The push to escalate the surge / lighting protection came from one lightning strike taking out the irrigation system (two Rain8Nets with some 100 feet or so of serial cable to a Digi Edgeport - only took out the irrigation and not the digi stuff).  That said same lightning "bolt" took out LCD TV's, alarm panel and microwave oven next door so I guess I was a bit lucky.  I also did add separate surge / lighting protection on the outside HVAC - which was a PITA to have to rewire from scratch.
 
I see the convenience of wireless speakers cuz it is a PITA to wire in wall speakers.  That said this stuff is still always using the AC power in your home and if that isn't protected it can get a little jolt of lightning whether the speakers are wireless or not.  Lightning has not struck my outdoor wired deck speakers yet that I know of (they still are working fine after XX years).
 
pete_c said:
...  That said this stuff is still always using the AC power in your home and if that isn't protected it can get a little jolt of lightning whether the speakers are wireless or not.  Lightning has not struck my outdoor wired deck speakers yet that I know of (they still are working fine after XX years).
 
Yup!  Anything electronic here over a certain $ amount is put on a UPS.
 
I wouldn't expect any issues with the MyRussound app (Google Play, and iTunes) which is setup to select a zone and select your source; the same is offered for the HiFi2 (Google Play, iTunes). Coming from the system we are using now, this would be multitudes better and we would use the system a lot more often. My wife has already seen the apps and she is totally on board with what is offered - no issues there.
 
I've looked at just about every system on the market over the past 2 years or so and that's really why my OP wasn't a general request for "what should I use?" because I know there are a lot of systems out there are most are going to like the one they have for the reasons they selected them.

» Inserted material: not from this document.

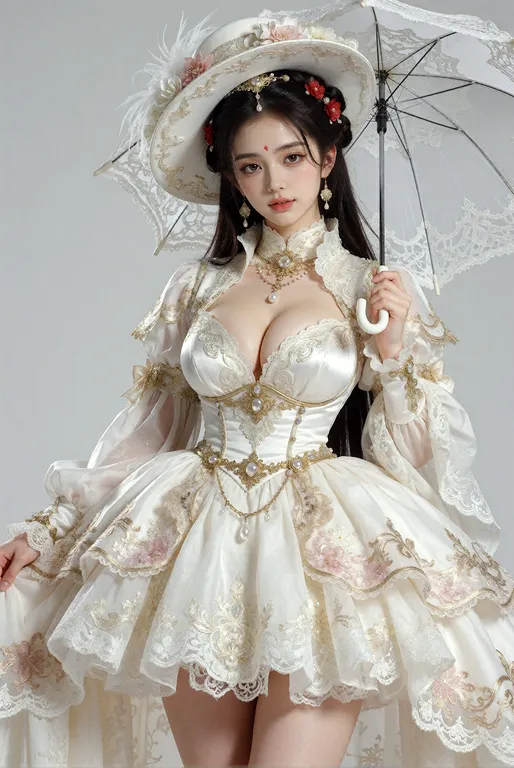 一位身材极致火辣的东方古典美女，长直黑亮长发及腰，头发带有自然光泽，搭配红色花朵发饰和金色发簪，眉心一点鲜红印记，脸庞精致五官立体，红唇丰润微启，眼神妩媚自信略带魅惑，皮肤白皙细腻带有珠光质感，身材高挑丰满，胸部丰挺腰肢纤细，臀部圆润翘挺，…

I purposely made the request to be between the Russound and the HiFi2 because I'm not going with any other options for one reason or another - I've narrowed my list down to these 2 systems.
 
Here the audio hardware, source switching et al has remained untouched. 
 
I have just added internet music / audio sources to my touchscreen tablets such that I just define buttons for single sources or applications which works for me and gives me a choice.  I have also integrated the hardware switching and sources on one tabletop touchscreen goofing around a bit with it.
 
To each their own... I agree, the stack of Sonos devices doesn't appeal to me, and though I have no evidence in front of me to support this, I would expect their audio to be compressed... that whole synchronization of audio sources must come at some sort of loss.  However, they have the superior app so if the simplicity and usability is the #1 concern, that shows why it appeals to so many.
 
There are other options that should be far superior technically speaking while not having as great of apps or simplicity of tying in online services or grouping zones... ie Russound, HiFi, Nuvo.  I'm still in the camp where these are better options.  Or even ABUS if your needs aren't that demanding.  I like the instant change from a wallpad as you walk by rather than firing up an app on the phone any day.  And though you'll likely never use 12 zones, I'm sure it's nice to be able to run the in-room music player or audio device over the better speakers/amp since they're there, vs whatever local speakers... 
 
Now for the OP - personally I like the Russound the best - although I like the look of the Nuvo keypads better... but Russound's latest model makes them very unfriendly to DIY... so from that standpoint, if HiFi2 suits your needs, I'd go that way.  Very small installation footprint - doesn't even need a rack... and friendly enough to the DIYer that you shouldn't meet any real restrictions.